> Try it: Retype only the lines from the top of the records to the line with "The liver is also essential", including that line but none of the pictures.

> Extracted entries:
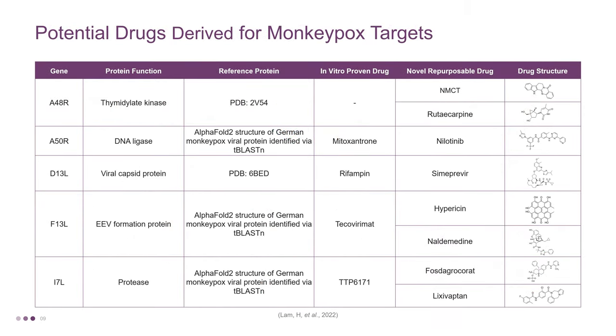The table presents potential drugs for Monkeypox targets. A recent study published in Molecules investigated the targets in poxviruses, identified the active protein residues in the Monkeypox virus, and subsequently proposed 8 potential antiviral drugs. The repurposed drugs corresponding to the A48R, A50R, D13L, F13L, and I7L genes are NMCT, rutacarpine, nilatinib, cypravir, hypricin, naldemidine, fostagrocorat, and lixivaptin, respectively. The drug structure can be seen from the pictures in this table.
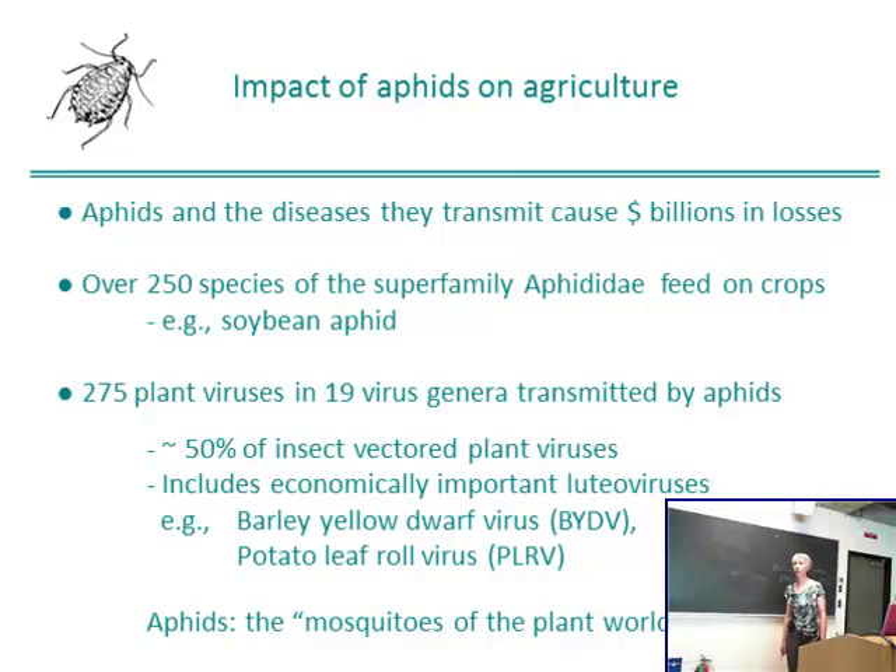Aphids have a tremendous impact on agriculture, both because of the damage caused by direct feeding and also for the viruses that they transmit. Aphids cause billions of dollars in losses on an annual basis. There are more than 250 species of aphids that feed on crops. Of particular importance in Iowa is the soybean aphid, an invasive species, which has been estimated to cause $1.6 billion in costs over the last decade as a result of yield loss and the cost of management of this single species.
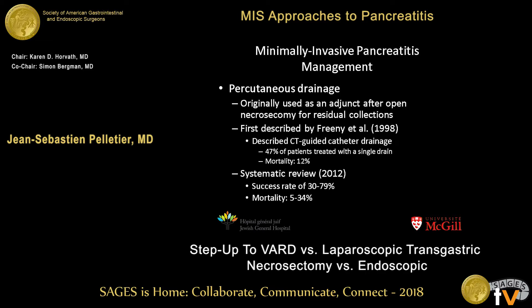The Freeney study was presented very well by the previous speaker. As it used to be an adjunct for open necrosectomy for residual collections, percutaneous drainage developed into a primary treatment for infected necrosis. In a 2012 systematic review, the success rate was around 50% — meaning 50% of patients can be treated with drains alone — and mortality was acceptable considering the disease process.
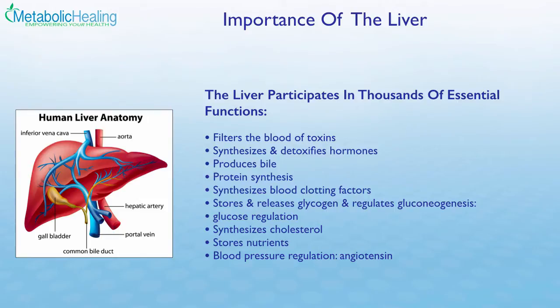The liver is also essential for protein synthesis. In order to obtain amino acids from your protein foods and diet, you've got to have healthy, proper liver function. In fact, protein is one of the most essential nutrients to feed and fuel the liver. The liver is also involved in blood clotting factors, producing certain blood proteins such as fibrinogen and prothrombin. It stores and releases glycogen and participates in gluconeogenesis, making it highly involved in glucose regulation. High and low blood sugar issues can involve liver function.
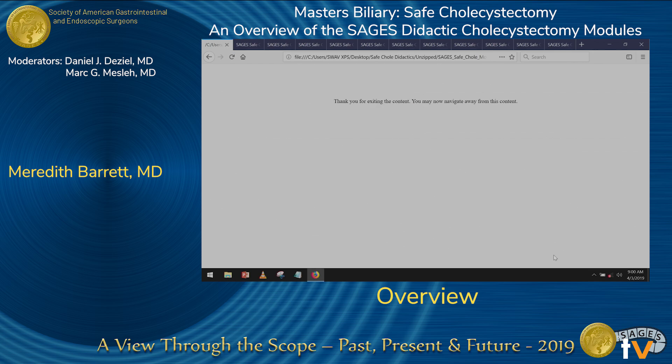To summarize, major bile duct injury still accounts for approximately 3,000 injuries a year in the U.S. alone. The devastating complications affect both the patient and the surgeon, and we still have a great deal of work to do on furthering the safety of cholecystectomy for our field and the patients we serve. This module has highlighted the problem at hand, and the next modules will focus on ways to increase the safety of cholecystectomy to work towards a future with less jarring statistics.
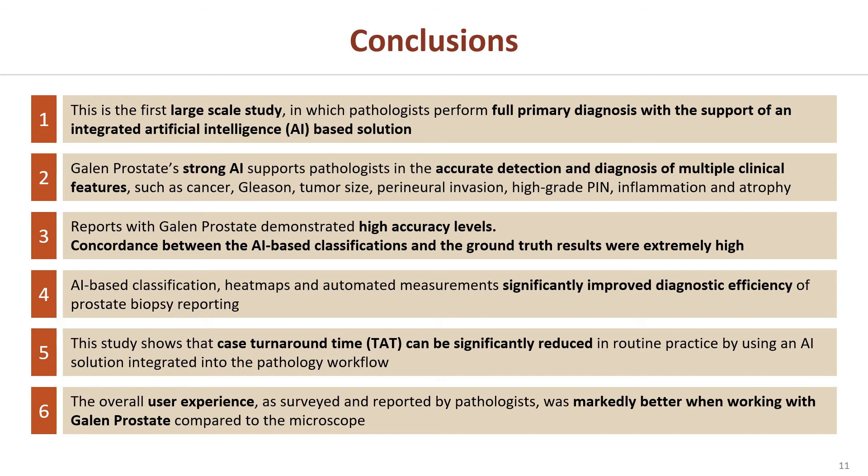This is the first large-scale study in which pathologists perform full primary diagnosis with the support of an integrated AI-based solution. This study demonstrated that Galen Prostate supports pathologists well during primary diagnosis with accurate detection of multiple clinical features such as cancer, Gleason, tumor size and more. The use of AI classification, cancer heat maps and other tools improved diagnostic efficiency with significant reduction in diagnosis time and productivity gains. Galen Prostate demonstrated high accuracy levels and concordance between AI classifications and the ground truth. The study also shows that case turnaround time can be significantly reduced in routine practice by using artificial intelligence. Finally, the overall user experience was markedly better with Galen Prostate than with the microscope.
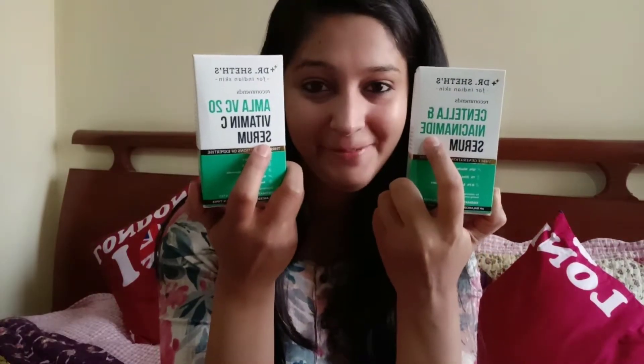Today I am talking about products from a very good clinically approved company called Dr. Sheth. I have also suffered from a lot of cystic acne in the past and I have been to a lot of dermatologists. One thing which is common and recommended by all the dermatologists is that you need to apply niacinamide serum — it really helps in killing the bacteria and acne on your face.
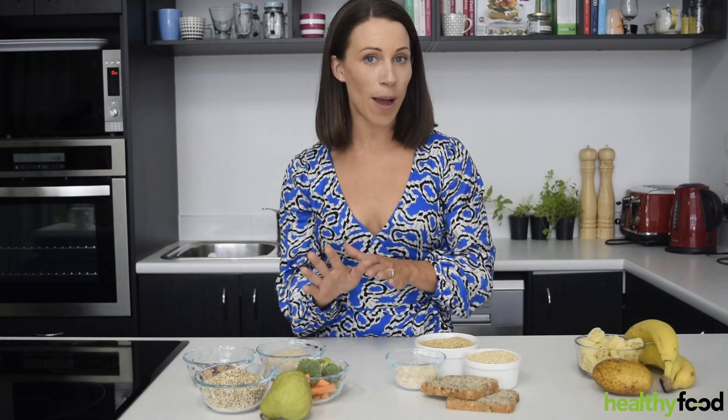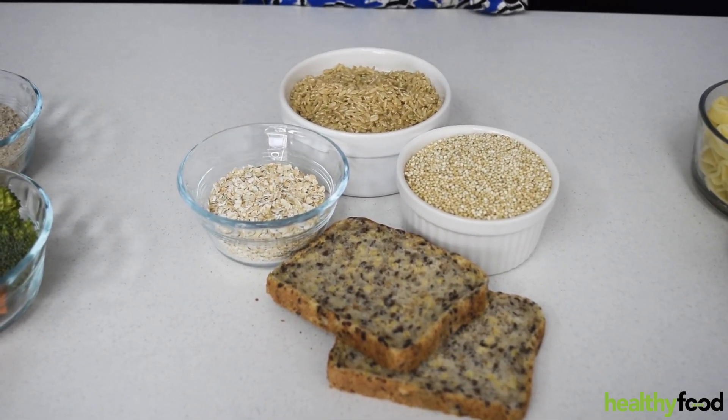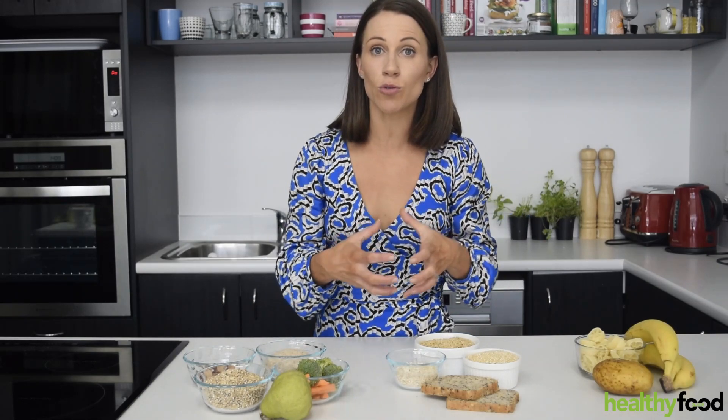The second type of fibre is insoluble fibre. That is in your grains, in brown rice, quinoa — it's basically roughage. When your digested food gets to your large intestine, it makes sure that it goes out quicker. It also adds bulk to your stool, which reduces the amount of time that toxins trying to pass out of your body will spend in the large intestine.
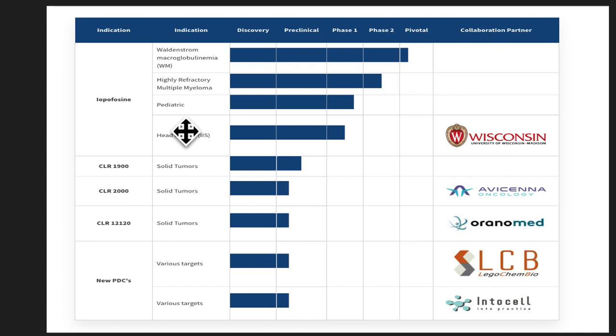They're moving into clinical trials and are also in Phase 2, which I was discussing. They have clinical trials for head and neck cancers as well. They also have other molecules — CL1900 and CL2000 — for solid tumors, though these are still pre-clinical. I'm really excited about ipophosphacine and interested to see what the Phase 2 study says — whether they meet the primary and secondary endpoints and can move on to a Phase 3 trial.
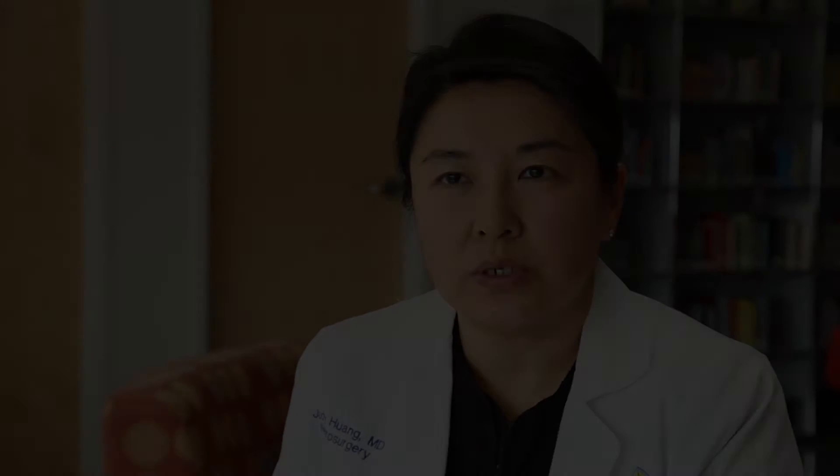In order to get to the problem that people need to have fixed — whether it's a brain tumor or an aneurysm or some other problem — we need to go through the scalp and the muscle and the skull.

> Solution to this problem:
The table presents potential drugs for Monkeypox targets. A recent study published in Molecules investigated the targets in poxviruses, identified the active protein residues in the Monkeypox virus, and subsequently proposed 8 potential antiviral drugs. The repurposed drugs corresponding to the A48R, A50R, D13L, F13L, and I7L genes are NMCT, rutacarpine, nilatinib, cypravir, hypricin, naldemidine, fostagrocorat, and lixivaptin, respectively. The drug structure can be seen from the pictures in this table.
Aphids have a tremendous impact on agriculture, both because of the damage caused by direct feeding and also for the viruses that they transmit. Aphids cause billions of dollars in losses on an annual basis. There are more than 250 species of aphids that feed on crops. Of particular importance in Iowa is the soybean aphid, an invasive species, which has been estimated to cause $1.6 billion in costs over the last decade as a result of yield loss and the cost of management of this single species.
The Freeney study was presented very well by the previous speaker. As it used to be an adjunct for open necrosectomy for residual collections, percutaneous drainage developed into a primary treatment for infected necrosis. In a 2012 systematic review, the success rate was around 50% — meaning 50% of patients can be treated with drains alone — and mortality was acceptable considering the disease process.
The liver is also essential for protein synthesis. In order to obtain amino acids from your protein foods and diet, you've got to have healthy, proper liver function. In fact, protein is one of the most essential nutrients to feed and fuel the liver. The liver is also involved in blood clotting factors, producing certain blood proteins such as fibrinogen and prothrombin. It stores and releases glycogen and participates in gluconeogenesis, making it highly involved in glucose regulation. High and low blood sugar issues can involve liver function.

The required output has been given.